Invalid CVocConf leads to 500 errors
What steps does it take to reproduce the issue?
Change the CVocConf setting with
curl -X PUT --upload-file cvoc-conf.json http://localhost:8080/api/admin/settings/:CVocConf
- When does this issue occur?
When updating the CVocConf settings http://localhost:8080/api/admin/settings/:CVocConf
like explained in the guidelines:
curl -X PUT --upload-file cvoc-conf.json http://localhost:8080/api/admin/settings/:CVocConf
and an item in that json array is invalid (I guess it checks against the CVocConf.schema.json) the server stops working entirely redirecting to 500 - Internal Server Error - An unexpected error was encountered, no more information is available.
e.g.
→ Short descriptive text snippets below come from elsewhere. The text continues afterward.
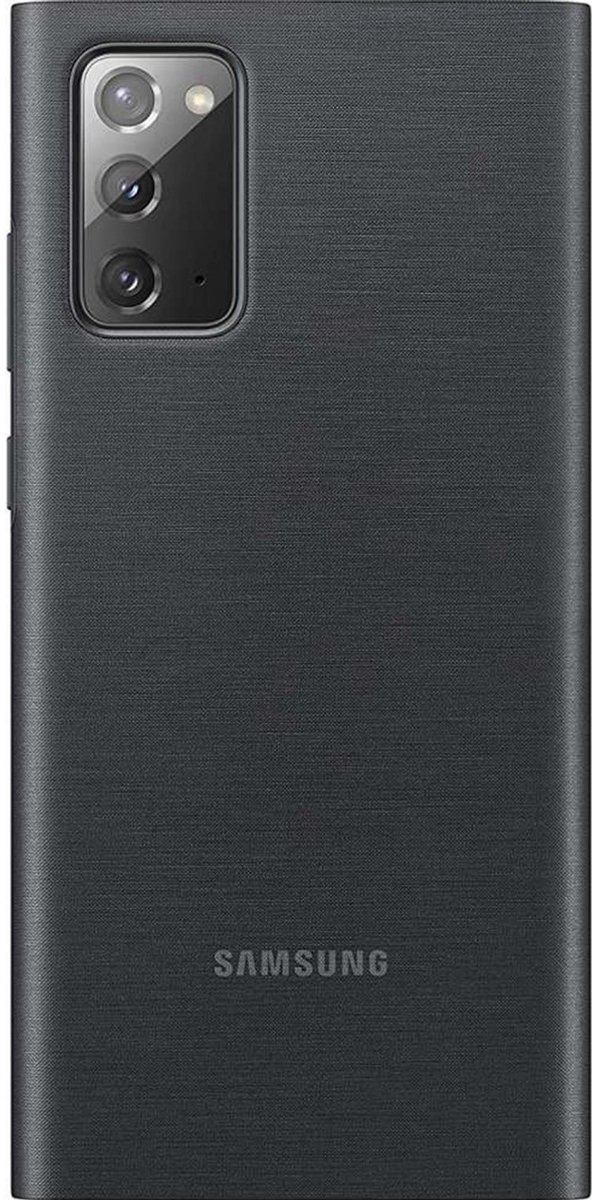 Samsung LED View Hoesje - Samsung Galaxy Note 20 - Zwart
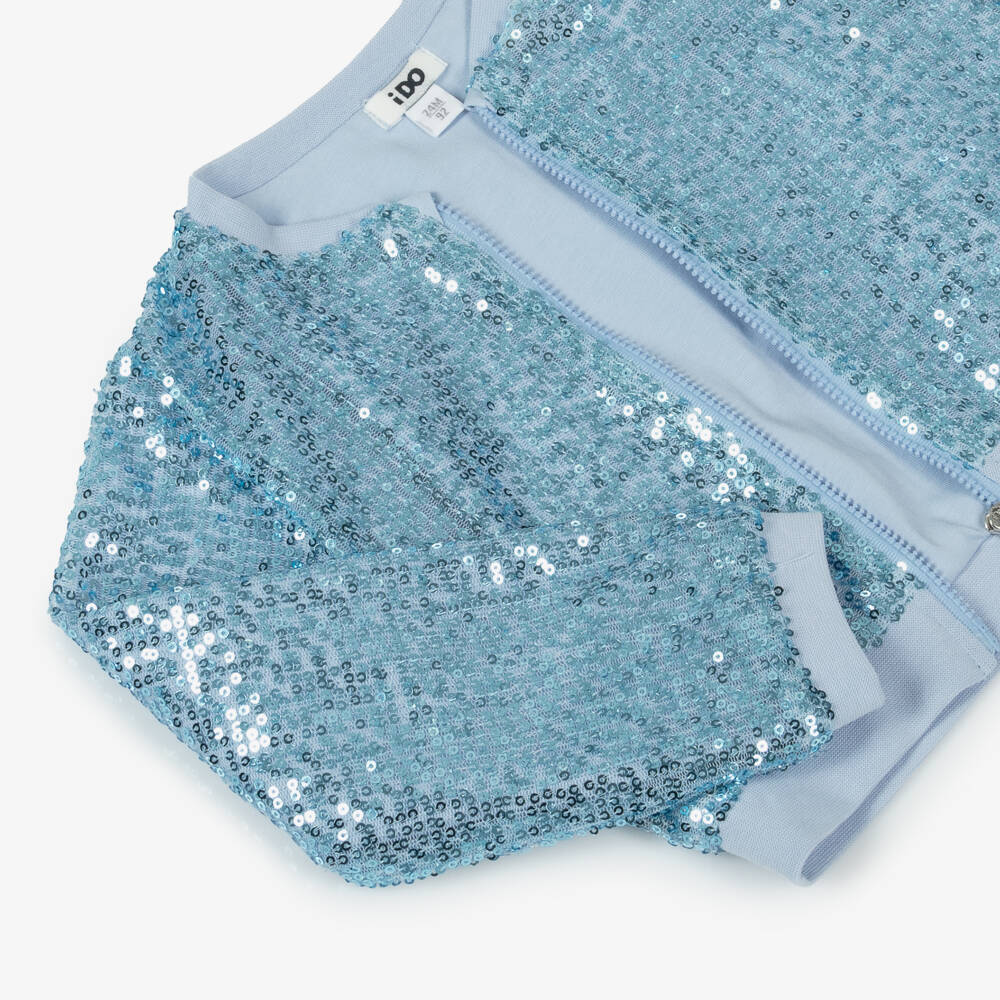 iDO Малыши-Блестящий синий жакет из тюля для девочек | Childrensalon Outlet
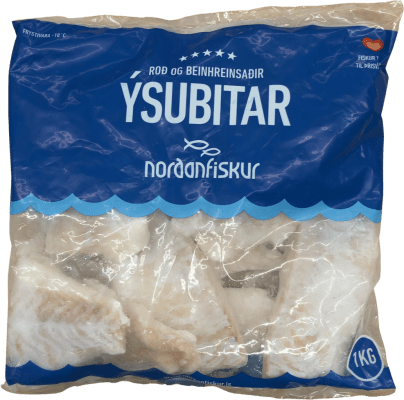 Norðanfiskur Roð- og beinhreinsaðir ýsubitar 1 kg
I removed the key: js-url
- Which page(s) does it occurs on?
dataverse main/index page
- What happens?
500 errors
-
To whom does it occur (all users, curators, superusers)?
-
What did you expect to happen?
The External Vocabulary script not running
Which version of Dataverse are you using?
v. 5.12.1 build 1122-cf90431
@transfluxus thanks for the bug report. Can you please attach your server.log file? It should show more details about the 500 error.
Hi @pdurbin
would it be in /usr/local/payara5/glassfish/domains/domain1/logs
there are a lot of logs, ranging back to 2022 and one named server.log_2024-06-13T07-29-51
attached. logs1.txt
understanding the schema and cvoc mechanism a bit better, that problem does not occur always. But for example this array item would trigger it ("js-urlX" instead of "js-url" and "retrieval-filtering" missing)
{
"field-name": "extLCProject",
"term-uri-field": "extLCProject",
"js-urlX": "https://diskordier.netX/lcProject.js",
"protocol": "localcontexts",
"retrieval-uri": "https://localcontextshub.org/api/v1/projects/?search={0}",
"allow-free-text": true,
"prefix": "https://localcontextshub.org/",
"managed-fields": {},
"languages": "",
"vocabs": {
"localcontexts": {
"uriSpace": "https://localcontextshub.org/"
}
}
}
It would be a good addition to improve handling of this error in Dataverse. As a work-around, there is a schema at https://github.com/gdcc/dataverse-external-vocab-support/blob/main/examples/config/CVocConf.schema.json that can be used to validate a CVoc config file.
@transfluxus thanks. I can't find anything in that log but I like @qqmyers's idea of validating the JSON on the side (outside of Dataverse) before uploading.
And yes, perhaps someday Dataverse could perform the validation itself.
Yeah, the datetime of the log-file is also a bit off. I will clean that folder and try to cause the error again and see if there will be a new file.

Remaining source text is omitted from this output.